En Honduras, con la peor tasa mundial de homicidios, es claro que la situación social –especialmente la pobreza e ignorancia masivas–, el empleo precario y la desigualdad son la base del problema, sin que ello signifique que es su causa inmediata.
Una subcultura de machismo y violencia, alimentada por muchos decenios de exclusión, despojo, represión y resentimientos, contribuye a traducirlos en violencia y criminalidad.
Las conductas violentas de los afectados son anteriores a la proliferación de armas de fuego y el narcotráfico, que luego han potenciado esas formas de actuación.
Y un factor que contribuye a incrementar este efecto es la utilización de individuos y grupos contratados como matones y sicarios por integrantes de las elites de poder, para propósitos de imposición, despojo o represión.
Ese vínculo con la elite le otorga a esos individuos y grupos cierto estatus y mayor impunidad. No es lo mismo ser un criminal de mala muerte que al servicio de potentados; en la subcultura de los marginales, esto cofiere una peculiar “legitimación”.
El extremo se da al emplear a agentes de órganos del Estado para cumplir funciones similares, lo que desvanece la diferencia entre las entidades represivas públicas y privadas.
Esa degeneración ya estaba muy extendida en Honduras cuando dos cosas la aceleraron: la penetración del narcotráfico como un actor adicional y la crisis institucional precipitada por el golpe de Estado de 2009.
Uno de sus efectos ha sido la incapacidad del gobierno para controlar varios estratos sociales y áreas territoriales, e incluso a algunas de sus propias instituciones. Eso amenaza la sostenibilidad del país y hace imperativo introducir correctivos.
Sin embargo, la capacidad de afrontarlos está en entredicho por la degeneración de los instrumentos necesarios para llevarlo a cabo: la Policía, el Ejército y el sistema judicial, así como el sistema político tradicional, como lo dejan ver las dificultades del gobierno hondureño para cumplir su papel, aun bajo la presión de organizaciones, personalidades y medios de prensa, que pagan un altísimo costo por promover la estabilidad del país. Lo que ha convertido a Honduras en un inquietante problema regional.
El triángulo fatídico: diferencias
En ese escenario de precariedades, exclusiones y resentimientos sociales, de elites codiciosas y degradación institucional –con sus respectivas derivaciones culturales y morales– es donde el narcotráfico y otras modalidades de delincuencia internacional se insertaron.
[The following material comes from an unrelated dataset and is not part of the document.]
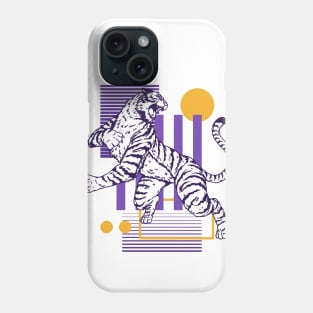 Retro 80s Purple & Gold Tiger on the Attack // Vintage Geometric Shapes Background Phone Case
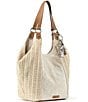 Color:White Flower Blossom - Image 3 - Roma Floral Straw & Canvas Hobo Bag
En consecuencia, para desarraigarlos no bastará chapear la mata, sino remover sus raíces, lo que no pocas veces incluye depurar instituciones públicas y allegados a la elite, así como satisfacer urgencias sociales y reincorporar sectores marginados al quehacer económico formal.
Los tres países del triángulo del Norte son la parte más integrada de la región centroamericana. Sin embargo, al observar la violencia criminal en Honduras se observa que el fenómeno ocurre de otra forma en Guatemala y en El Salvador. Aunque el sustrato de elites oligárquicas e indignados sociales tenga semejanzas, sus manifestaciones difieren.